To meet national targets successfully, local areas must therefore be given more powers that can be used to co-ordinate strategic planning across boroughs, tailor housing supply to the needs of their populations, and ensure that housing and developments are delivered to a high standard of design, with a distinctive architectural character.
Key recommendations
A deal-making process is required to generate a new devolution deal on housing. This must be two-way, and start with an ambitious offer from the combined authorities and their constituent local authorities, including:
- commitments to support the release of sufficient public land, and to assess suitability for tenure mix across these sites, exploring both the potential in land sales and conversion opportunities of existing public assets
- the development of up-to-date local plans, with mayoral intervention where this process stalls
- ongoing negotiations with government on home ownership and housebuilding targets
- programmes to support SMEs to access and develop sites
- a willingness to pursue opportunities across local authority boundaries that are to the benefit of local and regional areas, as well as national targets.

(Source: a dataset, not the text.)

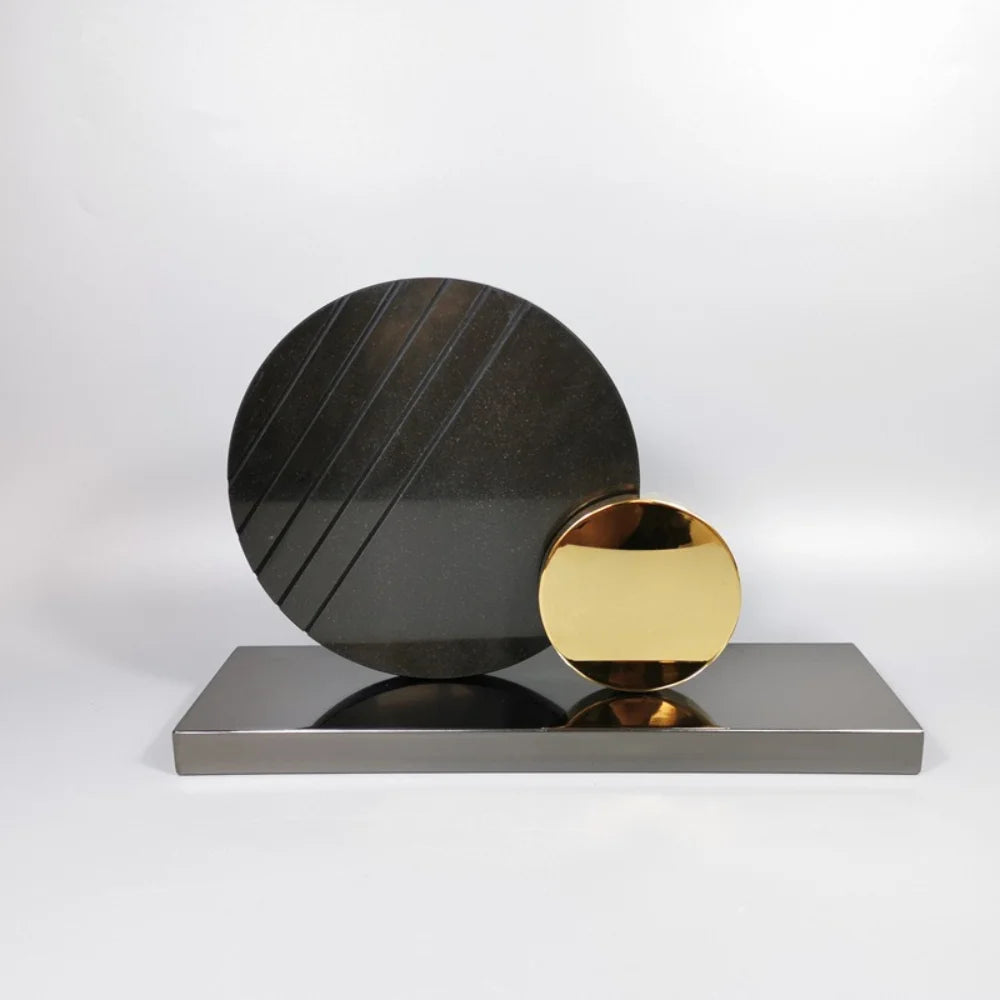 Modern Luxury Ring Metal Sculpture Tabletop Ornament for Home Decor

In return, combined authorities should make new demands on government, which should respond through an improved devolution offer, including:
- greater flexibility in the pooling and co-ordination of housing funding streams, allowing combined authorities to gather resources and co-ordinate activity in a way that ensures appropriate tenure mix while still meeting volume requirements
- retention of stamp duty receipts on all new-build properties, to top-up housing investment funding
- a lifting of NPPF land use restrictions where brownfield opportunities alone are insufficient to deliver the housing supply that is needed
- powers to set planning fees to improve capacity in planning departments
- council tax flexibility on empty sites and empty homes to accelerate the process of bringing unused homes back into use and putting unused planning permissions into action
- powers to set design code standards and viability frameworks at a combined authority level, and to de-risk planning and improve the quality of the built environment.
Mayoral development corporations are an opportunity for piloting new devolution powers and to test models of implementation, and combined authorities with these powers already negotiated should start to explore how these can be used to demonstrate their strategic ambitions and plans for housing.